The Republican told radio host Hugh Hewitt on Thursday that he had not ruled out a presidential bid in 2024. Christie was one of more than a dozen contenders for the Republican presidential nomination in 2016.
Christie said the Republican National Committee should handle the 2024 primary differently than it did then, when candidates were split between two debate stages based on polling.
“This slavery to polls at times is just ridiculous. And I think, even though I was in almost every one of the main stage debates that we held, all but one, and so I made the cut, but still, it just made, you know, it made it very, very difficult for people to be heard, and there was too much attention on polls,” Christie said.
He commended the Democratic Party on its handling of the 2020 presidential primary debates.
“The way the Democrats did it, quite frankly, this year was much better where there was random selection and [they broke] it up so that the debates can be of, you know, of a manageable size so that you get to hear more from people,” he said.

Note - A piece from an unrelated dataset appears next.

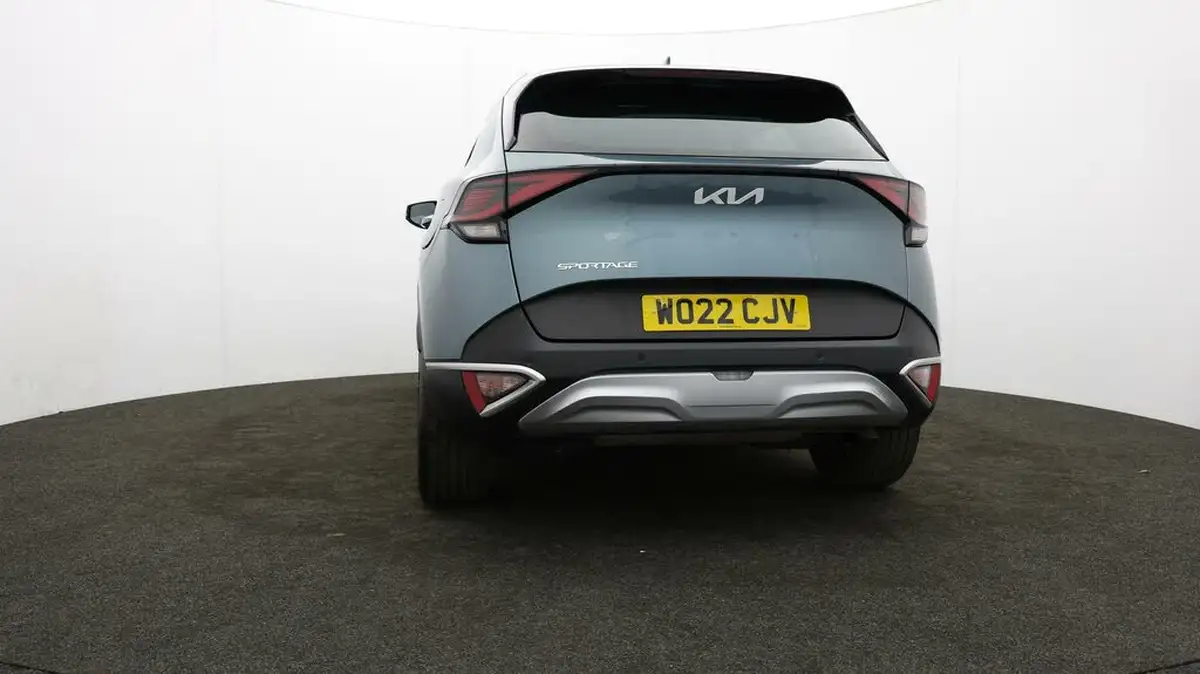 2022-kia-sportage-16-t-gdi-3-148bhp-1598cc-big-42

“Now, the Democrats had 23 people, so it still wasn’t a manageable size, but if you had somewhere between 10 and 12 people, and you had two debates of five or six, where people were randomly put together rather than by judging it with polls, which I think was an enormous mistake, you know, then I think you can hear from people and for a substantive amount of time, and it gives people a better opportunity to make judgments,” he added.